Pada payudara saya sebelah kiri ketika saya raba terdapat benjolan sebesar bakso normal, dan apabila payudara kanan diraba sedikit sakit daripada payudara sebelah kiri. Saat saya meraba benjolan tersebut bisa berpindah pindah dari bawah sampai ke daerah puting. Apakah benjolan ini kategor berbahaya? Ada yang mengatakan kalau sebenarnya benjolan ini hormonal tetapi jika menggangu bisa diambil secara medis dengan disedot. Maksudnya disedot bagaimana dok?

dr. Melyarna Putri

Dijawab Oleh:

dr. Melyarna Putri

Terima kasih telah menggunakan layanan e-Konsultasi Tanya Dokter KlikDokter.com.

 

Mohon maaf atas keterlambatan kami dalam menjawab konsultasi Anda. Kami sangat senang karena Anda mempercayakan layanan konsultasi kami untuk membantu mengatasi masalah kesehatan Anda.

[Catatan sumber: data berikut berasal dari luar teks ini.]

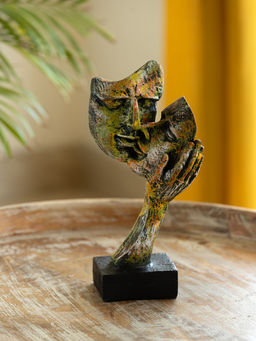 ExclusiveLane - Kissing Faces Modern Decorative Showpiece Statue Resin 10.6 Inches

Apa yang Anda alami salah satunya kemungkinan yang ada adalah Fibroadenoma mammae. Fibroadenoma adalah suatu kondisi medis yang ditandai dengan pertumbuhan abnormal dari sel-sel yang non-kanker di dalam lobulus (kelenjar susu) dari payudara, membentuk benjolan yang lembut, padat dan tidak nyeri dengan bentuk yang tegas yang bisa dirasakan dan dapat bergerak dengan mudah di bawah kulit payudara. Oleh karena itu kelainan ini lebih dikenal dengan fibroadenoma mammae (FAM).

FAM merupakan tumor jinak pada payudara dimana penyebabnya belum secara pasti diketahui.Namun benjolan FAM dapat membesar dengan dipengaruhi oleh hormon.  Oleh karena itu terkadang FAM akan menjadi besar saat sedang siklus menstruasi, kehamilan atau sedang menyusui. FAM tidak ada resiko untuk menjadi kanker.

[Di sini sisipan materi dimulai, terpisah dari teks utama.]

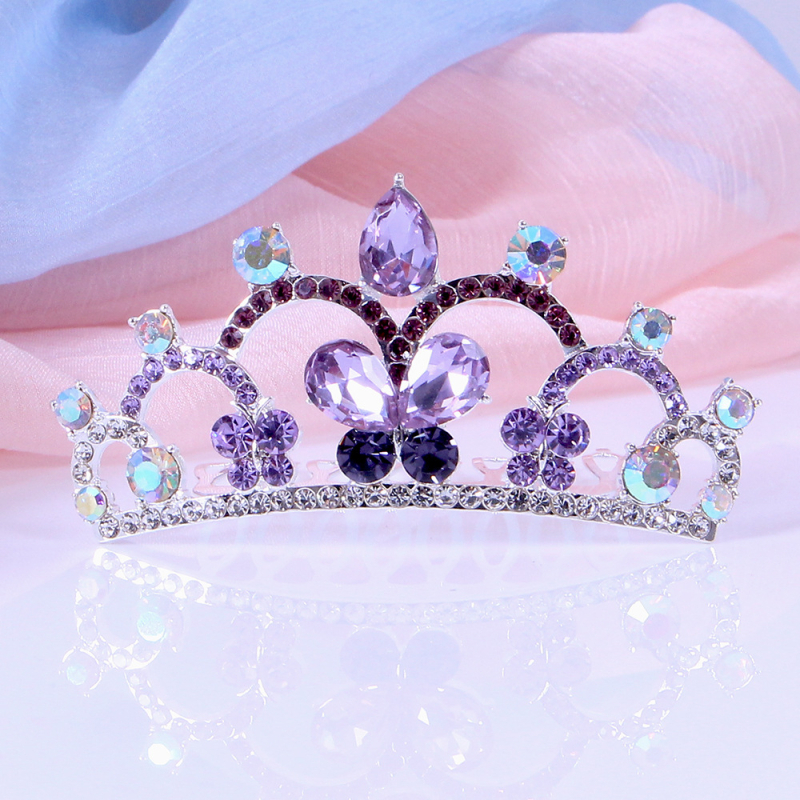 Dječja kruna-češalj za kosu s kristalima i leptirima, pastoralni stil, korona i leptiri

Pada umumnya, semua benjolan pada payudara perlu dilakukan tindakan biopsi agar dapat dilakukan pemeriksaan jaringan, untuk menentukan apakah jaringan tersebut adalah tumor yang jinak atau ganas (kanker). Tindakan biopsi ini yang mungkin Anda anggap disedot. Tindakan ini tidak menghilangkan benjolan, namun hanya mengambil sedikit sampel untuk diperiksakan di lab, apakah jinak atau ganas, Apabila hasilnya sudah diketahui barulah diputuskan langkah apa yang akan diambil. 

Hasil pemeriksaan jaringan itulah yang nantinya akan menentukan langkah terapi selanjutnya, apakah jaringan tersebut perlu diangkat atau diberikan terapi obat-obatan.

 

Demikian informasi yang dapat disampaikan. Semoga dapat bermanfaat.